Task description =>
From the top of the entries, reproduce each line exactly, stopping after the line that contains "Lake, IN 46982". Omit pictures.

Caption-style text data =>
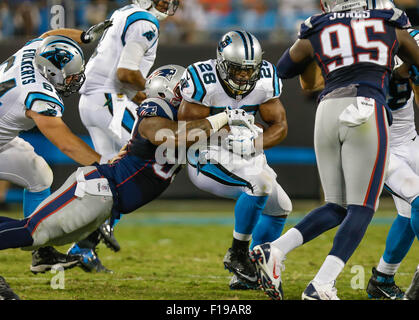28 août 2015 Charlotte, Caroline panthère d'utiliser de nouveau Jonathan Stewart # 28 trouve un trou dans la ligne défensive dans un match contre les New England Patriots le 28 août 2015, au stade Bank of America à Charlotte, Caroline du Nord. Les Patriotes défait les Panthers 17-16. Margaret Bowles/CSM Banque D'Images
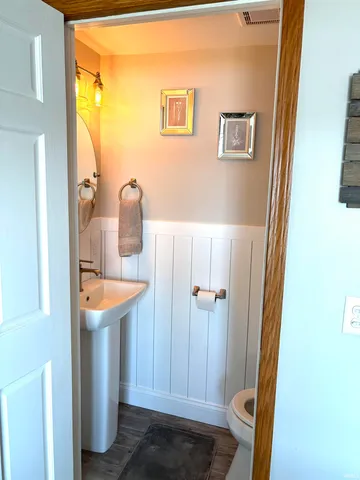 $319,900 | 5439 West Warren Street, Silver Lake, IN 46982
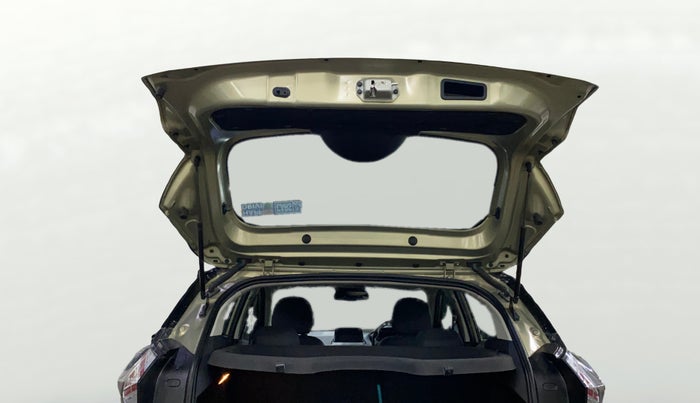2022 Tata NEXON XZ PLUS (PREMIUM) KAZIRANGA DIESEL, Diesel, Manual, 57,219 km, Boot Door Open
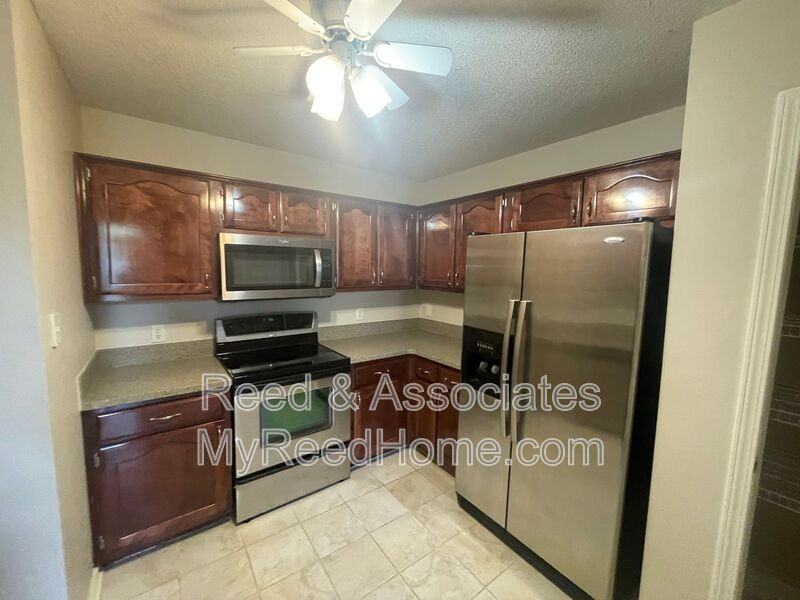 1160 Breezy Valley Dr - Photo 7 of 14
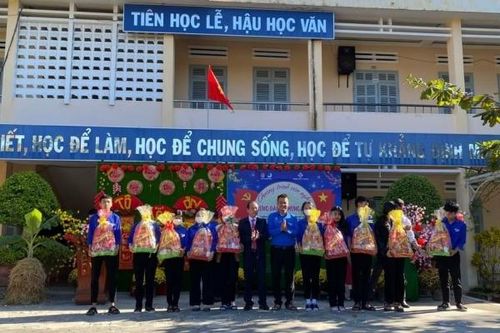Trường THPT Tô Văn Ơn tổ chức chương trình văn nghệ 'Mừng Đảng - Mừng Xuân'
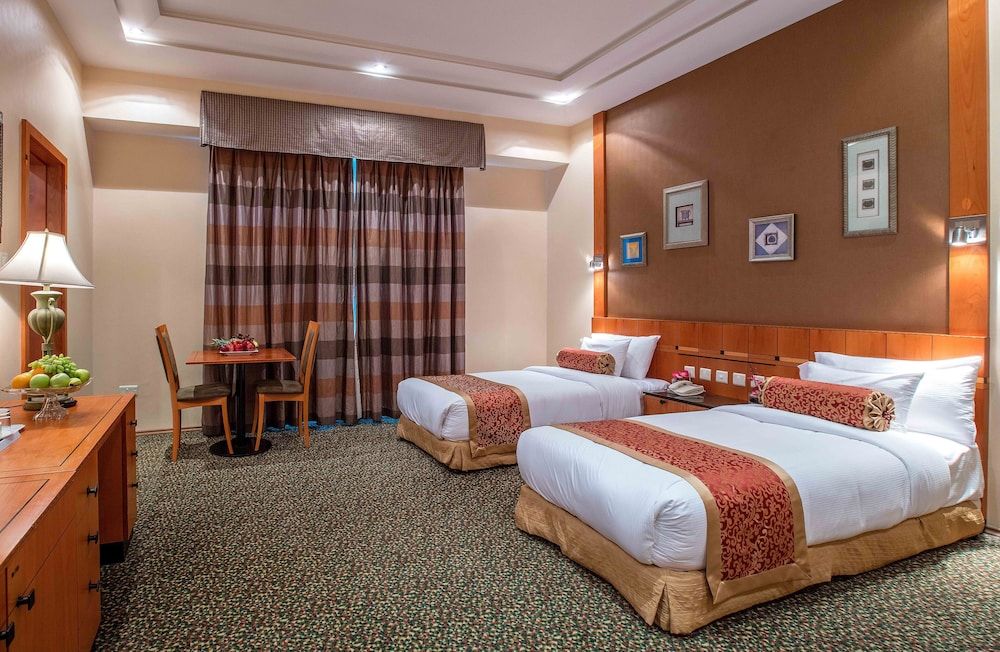 undefined Gulf Court Hotel 4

Expected answer =>
28 août 2015 Charlotte, Caroline panthère d'utiliser de nouveau Jonathan Stewart # 28 trouve un trou dans la ligne défensive dans un match contre les New England Patriots le 28 août 2015, au stade Bank of America à Charlotte, Caroline du Nord. Les Patriotes défait les Panthers 17-16. Margaret Bowles/CSM Banque D'Images
 $319,900 | 5439 West Warren Street, Silver Lake, IN 46982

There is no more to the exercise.